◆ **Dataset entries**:
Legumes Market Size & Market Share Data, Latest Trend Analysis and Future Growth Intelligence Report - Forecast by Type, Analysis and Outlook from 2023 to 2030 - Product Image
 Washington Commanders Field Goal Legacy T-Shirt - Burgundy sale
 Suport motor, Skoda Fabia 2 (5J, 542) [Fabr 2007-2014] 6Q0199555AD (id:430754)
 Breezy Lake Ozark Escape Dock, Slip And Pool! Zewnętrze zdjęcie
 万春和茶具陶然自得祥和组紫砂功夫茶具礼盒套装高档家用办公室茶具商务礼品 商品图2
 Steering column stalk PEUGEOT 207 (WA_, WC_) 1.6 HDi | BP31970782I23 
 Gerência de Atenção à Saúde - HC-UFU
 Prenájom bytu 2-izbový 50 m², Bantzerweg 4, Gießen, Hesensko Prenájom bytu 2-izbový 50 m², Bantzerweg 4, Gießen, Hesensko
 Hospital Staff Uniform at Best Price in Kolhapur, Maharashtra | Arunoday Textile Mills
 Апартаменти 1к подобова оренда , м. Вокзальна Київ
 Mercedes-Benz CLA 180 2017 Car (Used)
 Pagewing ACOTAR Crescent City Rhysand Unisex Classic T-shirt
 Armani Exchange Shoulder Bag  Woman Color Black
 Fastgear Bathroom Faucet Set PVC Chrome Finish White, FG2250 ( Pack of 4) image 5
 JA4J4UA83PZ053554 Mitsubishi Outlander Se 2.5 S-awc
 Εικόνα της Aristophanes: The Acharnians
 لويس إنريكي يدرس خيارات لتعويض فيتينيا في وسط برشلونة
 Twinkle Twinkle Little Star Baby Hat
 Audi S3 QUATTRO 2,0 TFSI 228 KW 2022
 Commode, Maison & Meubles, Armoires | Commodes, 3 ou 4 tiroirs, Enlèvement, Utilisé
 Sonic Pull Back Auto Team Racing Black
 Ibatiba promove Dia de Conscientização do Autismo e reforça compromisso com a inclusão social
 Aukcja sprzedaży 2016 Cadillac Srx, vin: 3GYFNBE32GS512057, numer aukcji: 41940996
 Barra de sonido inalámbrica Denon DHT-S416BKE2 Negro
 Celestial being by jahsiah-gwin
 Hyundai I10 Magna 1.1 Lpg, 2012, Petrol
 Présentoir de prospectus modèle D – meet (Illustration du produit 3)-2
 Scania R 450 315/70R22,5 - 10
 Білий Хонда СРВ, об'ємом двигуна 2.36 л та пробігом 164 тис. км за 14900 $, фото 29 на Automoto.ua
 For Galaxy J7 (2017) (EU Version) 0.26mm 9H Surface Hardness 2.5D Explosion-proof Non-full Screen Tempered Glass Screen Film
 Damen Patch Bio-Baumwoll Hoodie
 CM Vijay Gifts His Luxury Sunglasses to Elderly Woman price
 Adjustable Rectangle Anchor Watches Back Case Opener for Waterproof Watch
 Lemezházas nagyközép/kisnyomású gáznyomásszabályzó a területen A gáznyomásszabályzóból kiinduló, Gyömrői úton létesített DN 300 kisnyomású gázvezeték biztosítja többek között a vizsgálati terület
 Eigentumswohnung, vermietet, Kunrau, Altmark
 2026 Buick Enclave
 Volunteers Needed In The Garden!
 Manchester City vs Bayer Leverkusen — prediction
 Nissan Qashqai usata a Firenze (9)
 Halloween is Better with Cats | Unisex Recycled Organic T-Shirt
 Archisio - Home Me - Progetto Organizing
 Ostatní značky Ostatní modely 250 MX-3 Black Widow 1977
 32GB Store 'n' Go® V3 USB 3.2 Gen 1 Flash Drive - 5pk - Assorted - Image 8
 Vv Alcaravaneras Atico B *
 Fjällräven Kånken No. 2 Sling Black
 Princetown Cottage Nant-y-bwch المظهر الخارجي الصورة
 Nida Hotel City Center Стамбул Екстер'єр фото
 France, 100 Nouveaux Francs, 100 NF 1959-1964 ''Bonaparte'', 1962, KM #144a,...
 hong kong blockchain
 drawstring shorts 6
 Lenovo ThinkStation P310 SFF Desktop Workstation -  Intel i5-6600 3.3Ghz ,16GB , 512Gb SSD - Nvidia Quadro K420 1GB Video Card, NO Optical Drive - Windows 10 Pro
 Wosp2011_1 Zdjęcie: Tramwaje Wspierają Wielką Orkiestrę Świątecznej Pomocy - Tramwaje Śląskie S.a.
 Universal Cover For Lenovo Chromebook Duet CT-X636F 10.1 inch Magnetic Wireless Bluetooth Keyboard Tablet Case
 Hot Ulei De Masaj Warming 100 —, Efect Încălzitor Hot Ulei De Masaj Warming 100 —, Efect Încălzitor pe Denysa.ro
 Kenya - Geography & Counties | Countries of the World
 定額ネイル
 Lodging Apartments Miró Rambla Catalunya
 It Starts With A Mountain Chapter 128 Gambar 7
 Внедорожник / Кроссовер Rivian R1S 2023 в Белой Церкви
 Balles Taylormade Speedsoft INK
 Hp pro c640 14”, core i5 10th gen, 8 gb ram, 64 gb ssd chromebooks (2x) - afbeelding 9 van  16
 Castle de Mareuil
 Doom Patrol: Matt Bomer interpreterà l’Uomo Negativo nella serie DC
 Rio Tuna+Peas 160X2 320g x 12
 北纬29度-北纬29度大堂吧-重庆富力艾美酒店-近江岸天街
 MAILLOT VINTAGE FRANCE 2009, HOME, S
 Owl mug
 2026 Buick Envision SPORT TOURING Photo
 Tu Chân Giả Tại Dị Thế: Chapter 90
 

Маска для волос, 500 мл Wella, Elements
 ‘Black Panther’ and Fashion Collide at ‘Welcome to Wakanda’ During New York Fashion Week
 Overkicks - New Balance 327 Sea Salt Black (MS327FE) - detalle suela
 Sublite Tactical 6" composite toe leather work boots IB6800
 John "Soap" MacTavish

◆ **Problem details**:
Take the entries above and return only the lines from the one with "Barra de sonido" to the one with "Eigentumswohnung, vermietet, Kunrau, Altmark", both included, unchanged.

◆ **Finished task**:
 Barra de sonido inalámbrica Denon DHT-S416BKE2 Negro
 Celestial being by jahsiah-gwin
 Hyundai I10 Magna 1.1 Lpg, 2012, Petrol
 Présentoir de prospectus modèle D – meet (Illustration du produit 3)-2
 Scania R 450 315/70R22,5 - 10
 Білий Хонда СРВ, об'ємом двигуна 2.36 л та пробігом 164 тис. км за 14900 $, фото 29 на Automoto.ua
 For Galaxy J7 (2017) (EU Version) 0.26mm 9H Surface Hardness 2.5D Explosion-proof Non-full Screen Tempered Glass Screen Film
 Damen Patch Bio-Baumwoll Hoodie
 CM Vijay Gifts His Luxury Sunglasses to Elderly Woman price
 Adjustable Rectangle Anchor Watches Back Case Opener for Waterproof Watch
 Lemezházas nagyközép/kisnyomású gáznyomásszabályzó a területen A gáznyomásszabályzóból kiinduló, Gyömrői úton létesített DN 300 kisnyomású gázvezeték biztosítja többek között a vizsgálati terület
 Eigentumswohnung, vermietet, Kunrau, Altmark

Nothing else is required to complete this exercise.